Palestinian President Mahmoud Abbas has entered into his most serious confrontation yet with Israel by signing onto the International Criminal Court.
His decision on Wednesday gives the court jurisdiction over crimes committed in Palestinian lands and could even lead to cases being brought against Israeli or Palestinian leaders.
The nearly 80-year-old bespectacled former teacher, advocating non-violence, has spent his ten years in office trying to clamp down on armed groups and build up his administration in the Israeli-occupied West Bank.
But the failure of peace talks this year to win a state or halt the spread of Israeli settlements seems to have clinched his decision that now is the time for what commentators on both sides describe as “lawfare” - conflict by means of law.
“We've tried every possibility to reach a solution with the Israelis and we've spent 20 years of negotiations that didn't end their occupation over us. So now we have taken a peaceful, legal option to internationalize this conflict,” senior Palestinian official Mohammed Shtayyeh told Reuters.
U.S.-mediated Israeli-Palestinian talks collapsed in April amid mutual blame. It was the latest failure of negotiations to bring about peace and a Palestinian state since the Palestinian Authority (PA) under Abbas's iconic predecessor, Yasser Arafat, came into being in 1993 under interim deals.
Abbas signed onto the ICC and 20 other international agreements a day after a resolution that called for an end to Israeli occupation by 2017 failed to win passage the United Nations Security Council.
It follows other steps to seek the trappings of statehood without waiting for the outcome of negotiations with Israel.
In 2012, the Palestinians won “non-member observer state” status in the U.N. General Assembly. In the past year, Sweden recognized the Palestinian state, while the British, Irish and French parliaments held non-binding votes calling on their governments to do the same.
Palestinians seek a state in Gaza, the West Bank and East Jerusalem - lands Israel captured in the 1967 Six Day War. Palestinians consider the spread of Jewish settlements on occupied land a war crime which will deny them a viable state.
Israel cites Biblical and historical roots to those lands, and has lashed out at the Palestinian move to sign onto the ICC.
Retaliation?
The latest moves come just three months before an Israeli general election, and could help Prime Minister Benjamin Netanyahu push his hawkish message to Israeli voters that Israel has no peace partner.
Netanyahu, who was re-elected leader of the right-wing Likud party on Thursday, vowed to “defend Israel's soldiers.”
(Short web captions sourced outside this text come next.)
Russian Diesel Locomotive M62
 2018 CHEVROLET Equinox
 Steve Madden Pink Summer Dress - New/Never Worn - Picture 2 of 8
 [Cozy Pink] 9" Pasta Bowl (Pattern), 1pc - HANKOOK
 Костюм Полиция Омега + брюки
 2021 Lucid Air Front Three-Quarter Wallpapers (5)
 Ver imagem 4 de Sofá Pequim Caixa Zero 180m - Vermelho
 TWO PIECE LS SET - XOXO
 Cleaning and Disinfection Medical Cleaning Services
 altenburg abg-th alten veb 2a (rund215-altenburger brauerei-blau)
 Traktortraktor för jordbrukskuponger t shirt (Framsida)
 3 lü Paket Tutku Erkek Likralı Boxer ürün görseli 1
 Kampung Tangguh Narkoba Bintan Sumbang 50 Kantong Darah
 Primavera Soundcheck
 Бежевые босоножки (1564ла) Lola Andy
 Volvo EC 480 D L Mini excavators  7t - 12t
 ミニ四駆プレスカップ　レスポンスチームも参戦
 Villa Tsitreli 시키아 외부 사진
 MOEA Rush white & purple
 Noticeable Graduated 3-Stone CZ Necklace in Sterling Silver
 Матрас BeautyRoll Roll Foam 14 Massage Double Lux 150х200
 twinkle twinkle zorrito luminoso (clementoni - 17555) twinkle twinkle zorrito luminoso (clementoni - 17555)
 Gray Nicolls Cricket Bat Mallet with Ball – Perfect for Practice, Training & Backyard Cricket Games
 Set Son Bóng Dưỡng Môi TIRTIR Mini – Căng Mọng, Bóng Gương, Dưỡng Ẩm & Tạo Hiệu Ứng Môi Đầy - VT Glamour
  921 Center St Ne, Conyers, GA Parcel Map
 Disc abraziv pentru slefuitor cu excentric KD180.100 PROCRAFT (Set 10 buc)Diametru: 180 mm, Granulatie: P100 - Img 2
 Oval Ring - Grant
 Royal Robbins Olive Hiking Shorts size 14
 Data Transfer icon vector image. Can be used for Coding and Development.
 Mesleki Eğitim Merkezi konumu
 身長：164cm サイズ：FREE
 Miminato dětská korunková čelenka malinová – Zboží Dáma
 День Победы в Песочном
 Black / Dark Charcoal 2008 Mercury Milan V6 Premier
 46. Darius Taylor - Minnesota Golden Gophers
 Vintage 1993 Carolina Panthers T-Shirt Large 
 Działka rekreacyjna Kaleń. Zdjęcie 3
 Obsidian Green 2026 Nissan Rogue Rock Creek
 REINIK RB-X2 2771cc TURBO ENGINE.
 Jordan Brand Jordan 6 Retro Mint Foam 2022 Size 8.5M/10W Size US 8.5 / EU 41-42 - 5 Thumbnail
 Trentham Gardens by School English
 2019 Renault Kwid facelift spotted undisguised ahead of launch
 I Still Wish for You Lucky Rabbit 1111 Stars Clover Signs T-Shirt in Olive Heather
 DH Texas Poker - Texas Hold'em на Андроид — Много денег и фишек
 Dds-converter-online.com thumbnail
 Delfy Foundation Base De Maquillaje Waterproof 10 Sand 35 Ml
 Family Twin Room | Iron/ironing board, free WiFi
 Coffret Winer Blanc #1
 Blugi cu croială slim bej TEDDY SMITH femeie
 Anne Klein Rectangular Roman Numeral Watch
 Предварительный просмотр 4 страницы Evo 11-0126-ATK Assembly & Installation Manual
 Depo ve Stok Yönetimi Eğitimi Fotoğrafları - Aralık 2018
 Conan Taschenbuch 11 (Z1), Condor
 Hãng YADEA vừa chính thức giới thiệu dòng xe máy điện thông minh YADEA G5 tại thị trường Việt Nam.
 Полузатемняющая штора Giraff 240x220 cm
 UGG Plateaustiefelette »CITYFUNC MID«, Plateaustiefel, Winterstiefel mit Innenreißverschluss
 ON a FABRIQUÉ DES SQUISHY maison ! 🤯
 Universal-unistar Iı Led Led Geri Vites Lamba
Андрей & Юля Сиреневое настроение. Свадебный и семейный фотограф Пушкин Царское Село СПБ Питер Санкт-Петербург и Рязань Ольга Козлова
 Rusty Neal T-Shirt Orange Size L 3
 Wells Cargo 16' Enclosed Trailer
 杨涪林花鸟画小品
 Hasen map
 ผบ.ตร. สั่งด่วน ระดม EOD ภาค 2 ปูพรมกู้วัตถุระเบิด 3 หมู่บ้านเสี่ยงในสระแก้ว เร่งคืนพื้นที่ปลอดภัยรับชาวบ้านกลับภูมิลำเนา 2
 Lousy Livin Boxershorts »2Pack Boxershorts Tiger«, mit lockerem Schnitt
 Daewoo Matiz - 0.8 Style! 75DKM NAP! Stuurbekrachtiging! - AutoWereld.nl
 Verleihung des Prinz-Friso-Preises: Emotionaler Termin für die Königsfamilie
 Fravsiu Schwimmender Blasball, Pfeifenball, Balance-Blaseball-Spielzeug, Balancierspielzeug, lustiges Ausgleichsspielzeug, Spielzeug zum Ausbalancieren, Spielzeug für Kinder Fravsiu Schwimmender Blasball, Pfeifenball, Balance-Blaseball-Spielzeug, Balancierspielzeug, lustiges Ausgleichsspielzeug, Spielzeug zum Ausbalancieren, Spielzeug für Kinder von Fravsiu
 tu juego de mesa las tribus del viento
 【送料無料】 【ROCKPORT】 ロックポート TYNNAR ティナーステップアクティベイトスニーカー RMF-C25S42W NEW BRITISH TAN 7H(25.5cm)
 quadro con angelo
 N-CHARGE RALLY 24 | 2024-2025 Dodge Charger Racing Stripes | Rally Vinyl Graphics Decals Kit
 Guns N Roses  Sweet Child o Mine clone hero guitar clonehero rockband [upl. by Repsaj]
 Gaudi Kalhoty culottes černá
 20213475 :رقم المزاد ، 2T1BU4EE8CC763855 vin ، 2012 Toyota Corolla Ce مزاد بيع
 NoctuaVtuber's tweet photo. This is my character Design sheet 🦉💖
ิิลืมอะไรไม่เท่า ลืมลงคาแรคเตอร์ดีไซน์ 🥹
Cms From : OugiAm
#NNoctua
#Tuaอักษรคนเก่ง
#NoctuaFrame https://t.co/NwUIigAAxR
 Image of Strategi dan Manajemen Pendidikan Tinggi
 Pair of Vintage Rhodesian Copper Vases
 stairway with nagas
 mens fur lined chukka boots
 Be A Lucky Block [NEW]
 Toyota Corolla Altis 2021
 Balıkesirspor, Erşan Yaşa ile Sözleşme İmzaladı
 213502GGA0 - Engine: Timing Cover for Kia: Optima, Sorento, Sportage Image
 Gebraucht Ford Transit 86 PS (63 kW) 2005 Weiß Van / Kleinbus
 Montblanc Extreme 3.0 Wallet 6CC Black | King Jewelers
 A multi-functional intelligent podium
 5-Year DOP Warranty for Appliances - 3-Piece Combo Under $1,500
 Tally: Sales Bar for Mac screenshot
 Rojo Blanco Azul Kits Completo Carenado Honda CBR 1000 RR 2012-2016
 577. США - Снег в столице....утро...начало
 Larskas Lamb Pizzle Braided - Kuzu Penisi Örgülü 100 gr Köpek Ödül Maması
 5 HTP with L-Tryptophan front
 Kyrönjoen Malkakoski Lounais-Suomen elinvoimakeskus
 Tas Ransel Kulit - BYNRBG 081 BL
Economy minister Naftali Bennett, a far-right member of Netanyahu's ruling coalition, said Abbas's Fatah party, as nominal partners in a Palestinian unity government with the Islamist militant group Hamas, “can go to the court in The Hague only as a defendant.”
Opinion polls show Likud neck-and-neck with an alliance of centrist and center-left parties that accuse Netanyahu of abandoning the peace process. But with other right wing parties also strong, the hawks have a better chance than the doves of forming the next Israeli ruling coalition.
An Israeli political source told Reuters that Netanyahu could seek to prosecute Palestinian leaders at the ICC for past militant attacks, or impose new economic sanctions on Abbas's cash-strapped administration.
But Israel may be careful about retaliating too strongly. The PA has cooperated with Israeli forces in confiscating illegal weapons and quashing plots by Palestinian militants.
“Abbas is deriving strength here from the PA's weakness. It's already under financial pressure and the Israelis and Americans know that any economic retaliation could cause it to collapse, which would undermine security,” former Palestinian minister and academic Ghassan Khatib told Reuters.
Palestinian officials say U.S. Secretary of State John Kerry has told them privately in meetings that any Palestinian moves to join the ICC would endanger some half a billion dollars in annual American aid, which has repeatedly been docked before amid previous Palestinian campaigns at the United Nations.
While the United States and Israel worry for the PA's health, a survey found Palestinian satisfaction with the government at an all-time low, with 55 percent of respondents believing it has become “a burden on the Palestinian people.”
The December poll by the Palestinian Center for Policy and Survey Research found that Hamas was more popular than Abbas's moderate secular Fatah party. More than half of Palestinians had never heard of Abbas's moves at the United Nations.